Facebook has a news information panel, and I like it lots. But it could be better. First, let’s look at where it works. Here it is with a decent news source:
That’s good. The info button throws the Wikipedia page up there, which is the best first stop. We got the blue checkmark there, and some categorization. I can see its location and its founding date, both of which are quick signals to orient me to what sort of site this is.
There’s also the “More from this website.” Here’s where I differ with Facebook’s take. I don’t think this is a good use of space. Students always think they can tell what sort of site a site is from the stories they publish. I’m skeptical. I know that once you know a site is fake then suddenly of course you feel like you could have told from the sidebar. But I run classes on this stuff and watch faculty and students try to puzzle this out in real time, and frankly they aren’t so good at it. If I lie and hint to them it’s a good site, bad headlines look fine. If I lie and hint it’s bogus site, real headlines look fake. It’s just really prone to reinforcing initial conceptions.
I get that what’s supposed to happen is that users see the stories and then click that “follow” button if they like what they see. But that’s actually the whole “pages” model that burned 2016 down to the ground. You should not be encouraging people to follow things before they see what other sites say about it.
Take this one — this says RealFarmacy is a news site, and there’s no Wikipedia page to really rebut that. So we’re left with the headlines from RealFarmacy:
OK, so of course if you think this site is bogus beforehand it is so clear what these stories mean about the site. But look, if you clicked it it’s because a site named RealFarmacy seemed legit to you. These headlines are not going to help you — and if the site plays its cards right, it’s really easy to hack credibility into this box by altering their feed and interspersing boring stories with clickbaity ones. It’s a well known model, and Facebook is opening itself up to it here.
A better approach is to use the space for news about the site. Here’s some news about RealFarmacy.com:
Which one of these is more useful to you? I’m going to guess the bottom one. The top one is a set of signals that RealFarmacy is sending out about itself.

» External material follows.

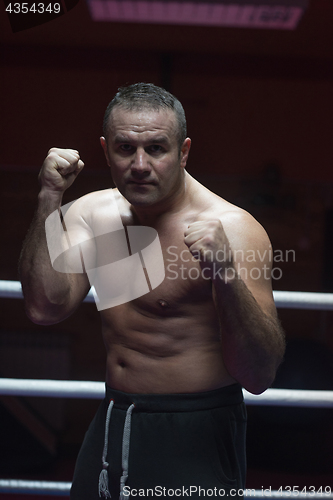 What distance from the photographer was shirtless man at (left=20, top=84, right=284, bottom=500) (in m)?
0.93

It’s what it wants its reputation to be. The bottom one? That’s what its reputation is. And as far as I can tell it’s night and day.
This is why the technique we show students when investigating sites is to check Wikipedia first, but, if that doesn’t give a result, check for Google News coverage on the organization second. Step one, step two. It works like a charm and Facebook should emulate it.
Can you do this for everything? Sure. In fact, for most legit sites the “News about this source” panel would be boring, but boring is good!
Just scanning this I can see the Tribune has a long history, and is a probably a sizable paper. That’s not perfect, but probably more useful than the feed that tells me they have a story about a fraternity incident at Northwestern.
This won’t always work perfectly — occasionally you’ll get the odd editorial calling CNN “fake news” at the top. And people might overly fixate on Bezos’s appearance in coverage about the WaPo. But those misfires are probably worth filling in the data void in Wikipedia around a lot of these clickbait sites with news results that give some insight into the source. Pulling the site’s feed is an incomplete solution, and one that bad actors will inevitably hack.
Anyway, the web is a network of sites, and reputation is on the network, not the node. It’s a useful insight for programmers, but a good one for readers too. Guide users towards that if you want to have real impact.